Sejauh pengamatan, industri-indsutri di Jawa kebanyakan bercokol subur di daerah yang dekat atau relatif dekat dengan kultur maritim, tapi bukan berarti di wilayah dengan kultur agraris tidak ada industri sama sekali.

Dalam hal ini yang dijadikan acuan adalah industri-industri berskala besar, terpusat di satu tempat dengan jumlah cukup banyak, berskala nasional bahkan multinasional, bukan industri berupa home made, atau industri yang dikelola kelompok maupun komunitas tertentu.

Selama ini banyak anggapan yang menyatakan bahwa manusia Jawa yang berkultur agraris lebih njawani dibandingkan yang berkultur maritim. Mengingat cepatnya dinamika kebudayaan di kultur maritim, kiranya agak sulit memertahankan ‘warisan’ kebudayaan Jawa.

Di sisi lain, apabila masyarakat Jawa berkultur agraris dibandingkan dengan  masyarakat Jawa kultur industri, banyak yang berpikiran bahwa masyarakat Jawa dengan kultur industri lebih cenderung ilang Jawane.

Ilustrasi kekangan industri dalam pikiran
Ilustrasi kekangan industri.
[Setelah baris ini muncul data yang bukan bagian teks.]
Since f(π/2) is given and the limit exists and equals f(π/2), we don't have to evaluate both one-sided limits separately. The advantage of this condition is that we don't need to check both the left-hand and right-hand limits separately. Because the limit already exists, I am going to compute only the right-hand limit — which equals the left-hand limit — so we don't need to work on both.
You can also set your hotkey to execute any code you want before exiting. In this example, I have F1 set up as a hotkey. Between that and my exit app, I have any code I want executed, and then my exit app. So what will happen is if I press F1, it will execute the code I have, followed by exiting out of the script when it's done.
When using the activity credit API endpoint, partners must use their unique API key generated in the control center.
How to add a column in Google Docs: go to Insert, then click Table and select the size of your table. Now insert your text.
Sumber: DevianArt

Sebagai buktinya, masyarakat Industri di Gerbangkartasusila (Gresik, Jombang, Mojokerto, Surabaya, Sidoarjo, dan Lamongan), dan mungkin juga di daerah lain yang banyak industrinya, cenderung ‘mengklibatkan’ kebudayaan Jawa yang ‘sejati’ pada Yogyakarta dan Surakarta.
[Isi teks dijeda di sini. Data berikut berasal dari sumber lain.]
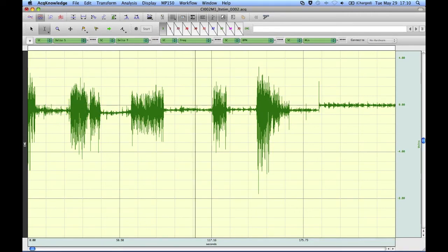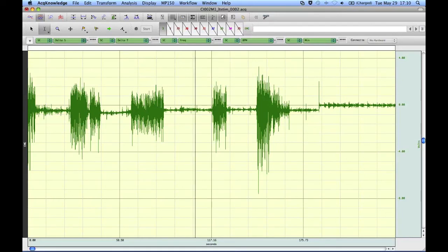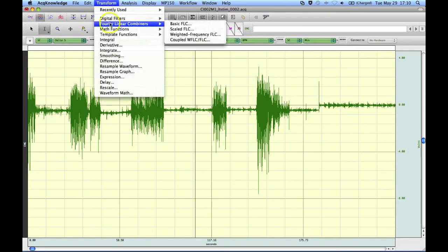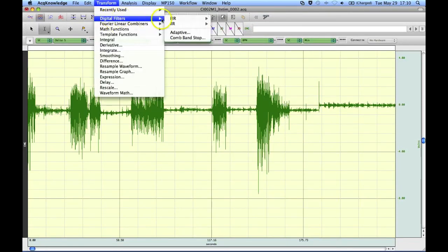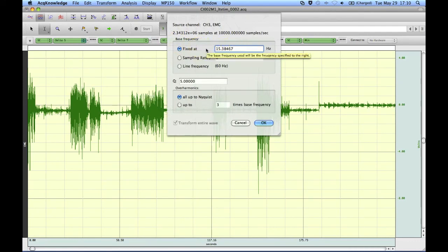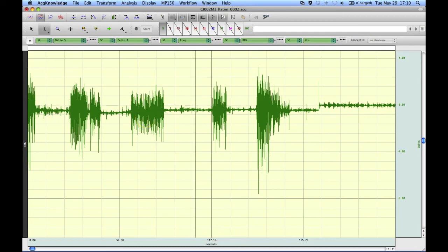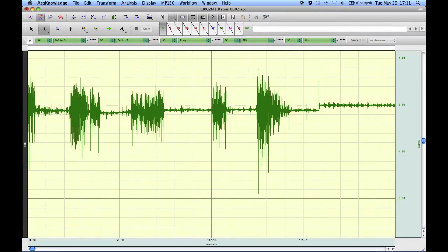So that gives you a quick demonstration of how to use the FFT, Fast Fourier Transformation, to identify the frequency components of the noise, and then use the comb band stop filter to take out that frequency component all the way through all the different harmonics. And then what you end up with is hopefully a nice clean EMG signal, or whatever signal it is you're looking for. Anyway, that concludes our demonstration of the FFT and comb band stop filter.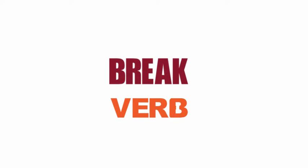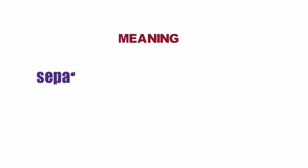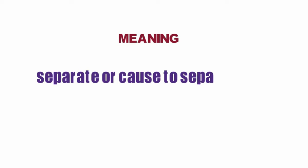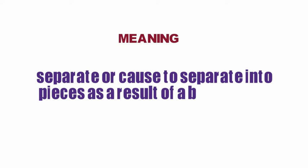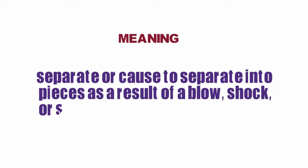Break. Verb. Meaning: Separate or cause to separate into pieces as a result of a blow, shock, or strain.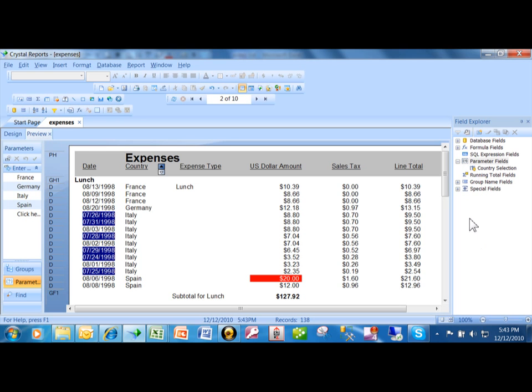Let's say you want to prompt a user for a date range. So you're going to set up another parameter. This is going to be a little bit different than the parameter from a different video that we did.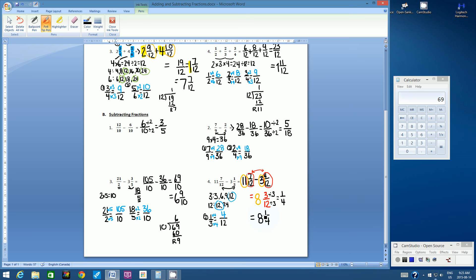So our final answer in lowest terms is 8 and 1 quarter. This is why adding and subtracting fractions is such a large portion of the fractions unit — it involves all of the steps used up until this point and puts them all together. Thanks for watching. Bye.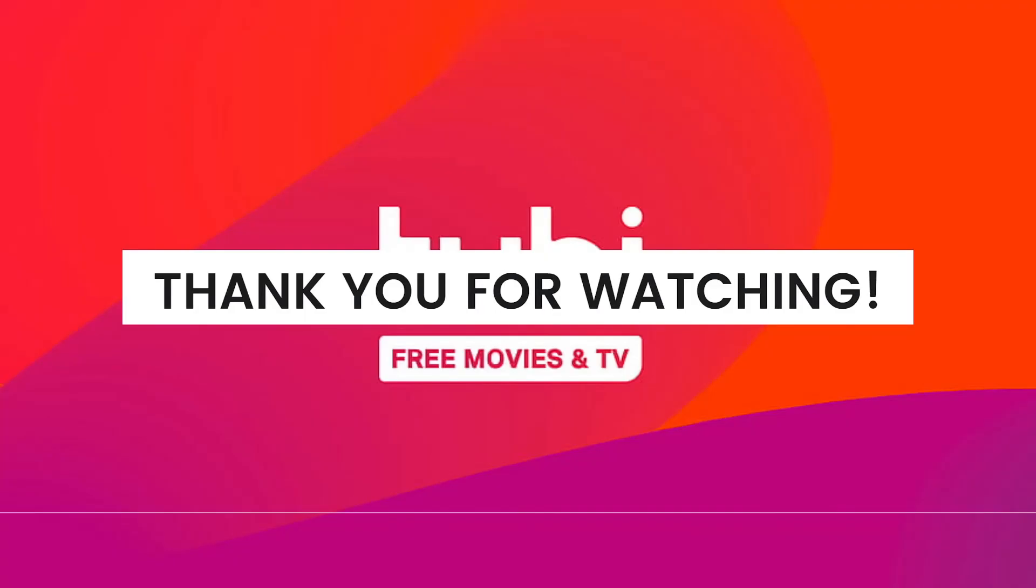Remember that the specific steps may vary depending on your device and operating system version. So that's how you fix issues with the Tubi app not working properly. I hope this video helped you, and if it did, make sure to like, subscribe, and hit the bell notification so you won't miss a video. See you in the next one and have a great day!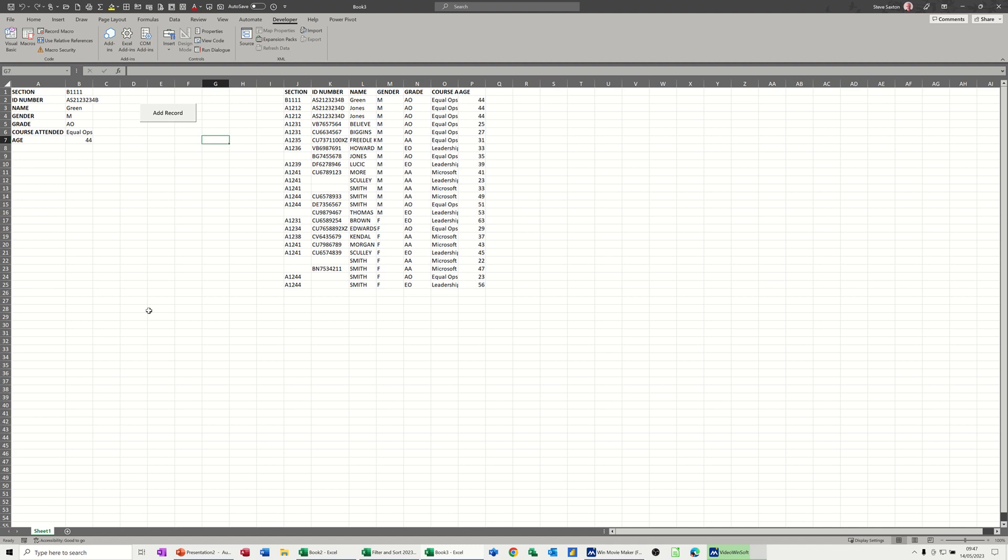Hi guys, welcome to this session in Microsoft Excel. In this module I want to show you how you can automatically add a record to a list.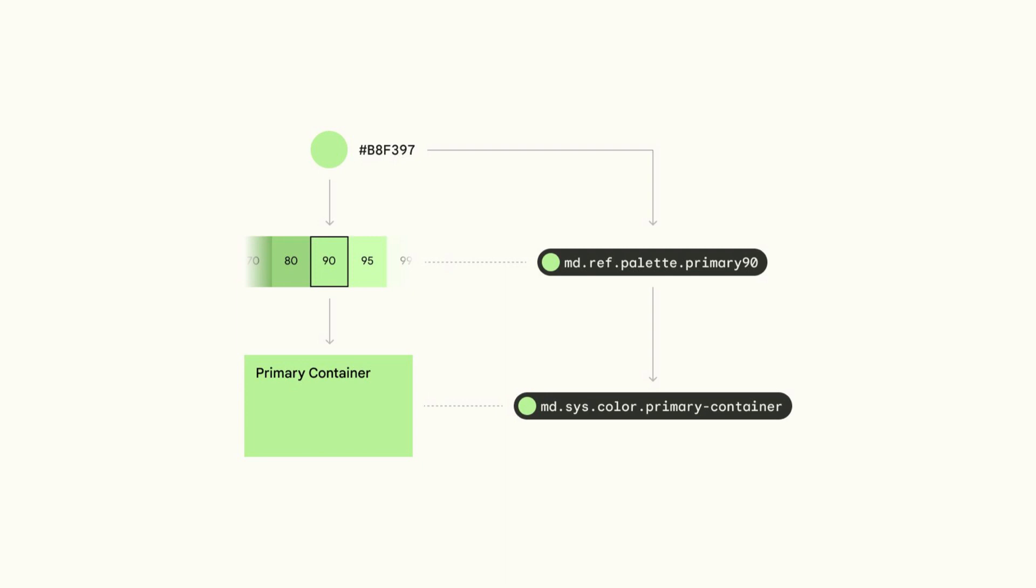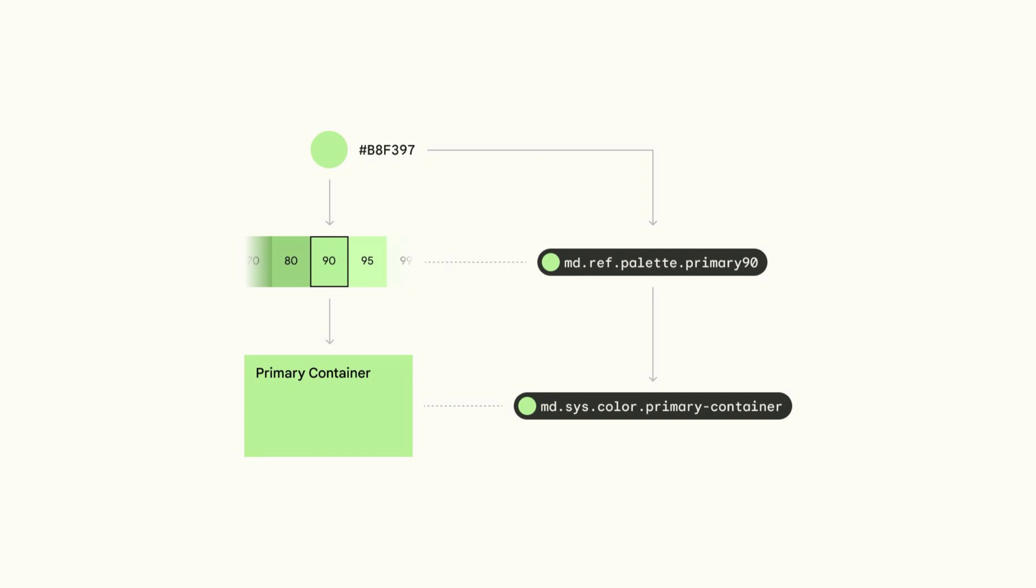For example, the primary container color role in a material scheme becomes the md.sys.color.primary-container token. In a light theme color scheme, this token inherits the value of the associated tonal palette token, md.ref.palette.primary90. In a green color scheme, this token in turn has an associated value of hex color number B8F397.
Mereka seolah tidak yakin apakah masih ada sisa ke-Jawa-an dalam diri mereka ketika hidup sudah relatif mutlak berorientasi pada materi dan menjadi pesuruh industri.

Selama mereka masih berkomunikasi menggunakan bahasa Jawa, menerapkan praktek tata krama yang bersesuaian dengan ke-Jawa-an meski berbeda dengan praktek tata krama di kultur agraris, dan selama mereka masih mengadakan slametan, mengapa mereka ragu terhadap ke-Jawa-an mereka sendiri?

Memang hadirnya industri pasti mengubah sosial, ekonomi, dan kebudayaan masyarakat, namun tentu tidak berarti hilang begitu saja dan seketika berganti dengan kultur yang sama sekali berbeda dibanding sebelum datangnya industri.

Menyangkut tentang masyarakat Jawa dengan kultur Industri, pertanyaannya adalah bagaimana rupa kebudayaan Jawa yang berada dalam kungkungan rutinitas kerja industri?

Wujud Lahiriah Budaya Jawa

Sebenarnya, nek jareku, saat ini kebudayaan Jawa sedang mengalami semacam peyorasi, di mana ‘kebudayaan’ Jawa diterjemahkan berupa tari-tarian, aksara, musik, bahasa, pertunjukan tradisi, sastra, sopan santun, dan apapun itu yang ada ‘Jawa’-nya serta memiliki nilai adi luhung

Tidak salah jika menafsirkan kebudayaan Jawa secara demikian, akan tetapi hal tersebut seolah menafikkan bahwa kebudayaan Jawa juga meliputi bagaimana cara hidup orang Jawa itu sendiri, terlepas dari tingkat sosial-ekonomi, bukan sekadar gebyar kasat mata.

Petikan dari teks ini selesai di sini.